**GIVEN MATERIAL:**
»»

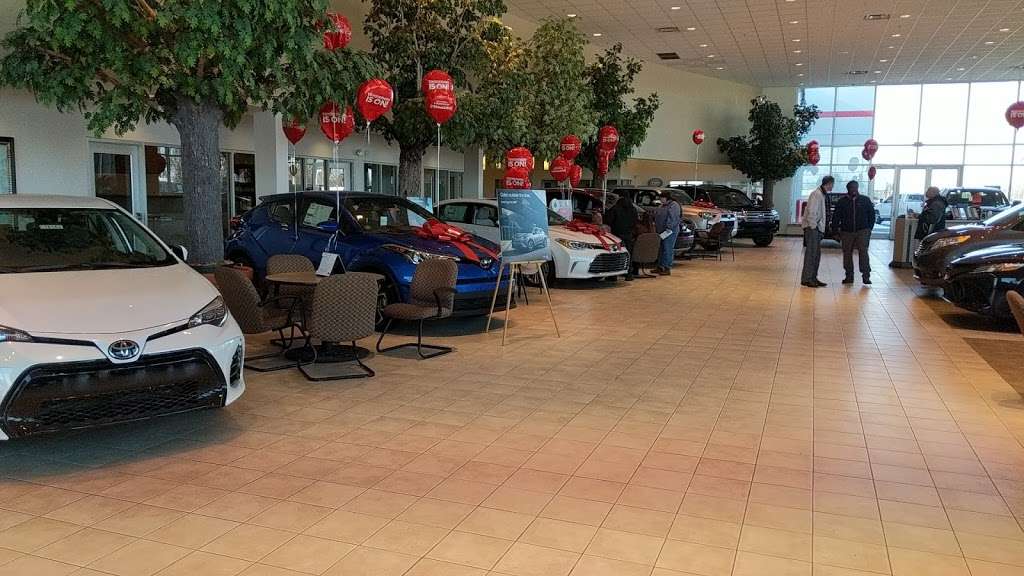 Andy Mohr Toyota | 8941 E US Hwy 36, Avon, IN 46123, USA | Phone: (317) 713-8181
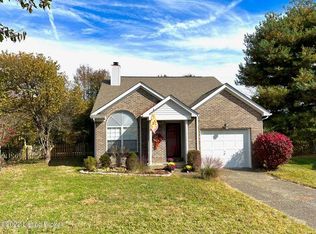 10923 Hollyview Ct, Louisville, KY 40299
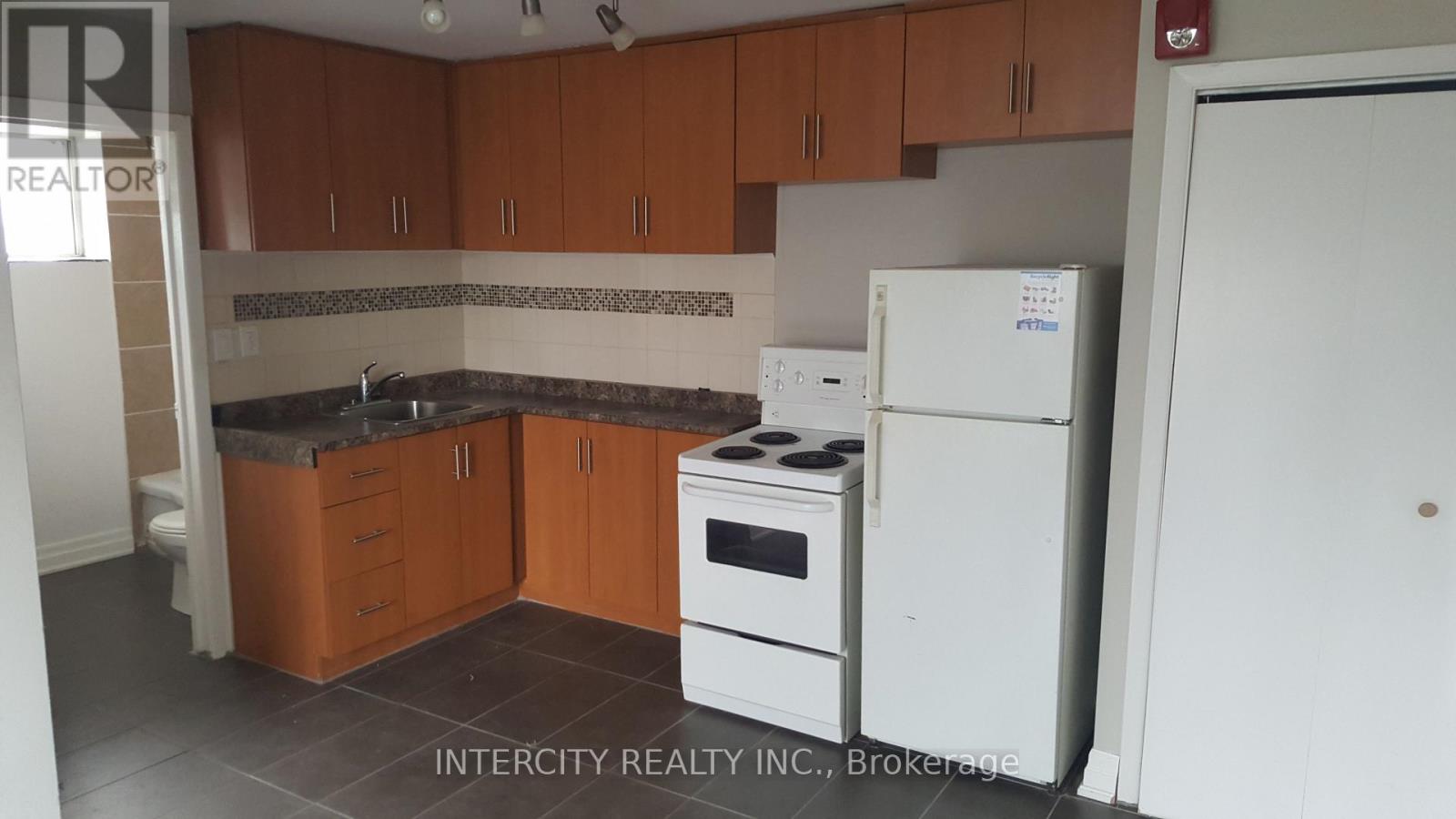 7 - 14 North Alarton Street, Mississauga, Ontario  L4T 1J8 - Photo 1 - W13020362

««

**YOUR ASSIGNMENT:**
All of the preceding material should be output verbatim, with the pictures excluded.

**SOLVED PROBLEM:**
 Andy Mohr Toyota | 8941 E US Hwy 36, Avon, IN 46123, USA | Phone: (317) 713-8181
 10923 Hollyview Ct, Louisville, KY 40299
 7 - 14 North Alarton Street, Mississauga, Ontario  L4T 1J8 - Photo 1 - W13020362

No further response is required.